=== INFORMATION PROVIDED ===

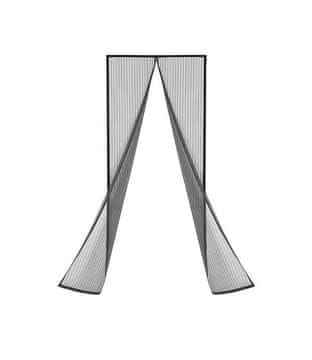 ProGarden Mreža protiv insekata KO-CY5910600 Magnetna mreža protiv insekata za vrata 210 x 100 cm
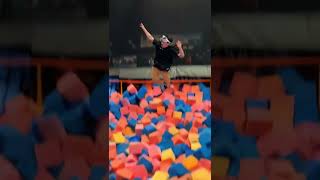 Vision Pro着けたままトランポリンは危険なので絶対にやめましょう【Sora2】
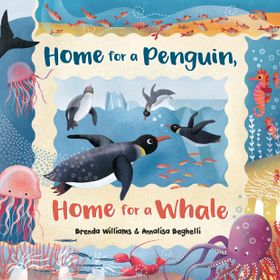 Home fo a Penguin, Home for a Whale 2019 Kitap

===

=== REQUIRED WORK ===
Give the preceding data back exactly, minus every picture.

=== ANSWER TO THIS TASK ===
 ProGarden Mreža protiv insekata KO-CY5910600 Magnetna mreža protiv insekata za vrata 210 x 100 cm
 Vision Pro着けたままトランポリンは危険なので絶対にやめましょう【Sora2】
 Home fo a Penguin, Home for a Whale 2019 Kitap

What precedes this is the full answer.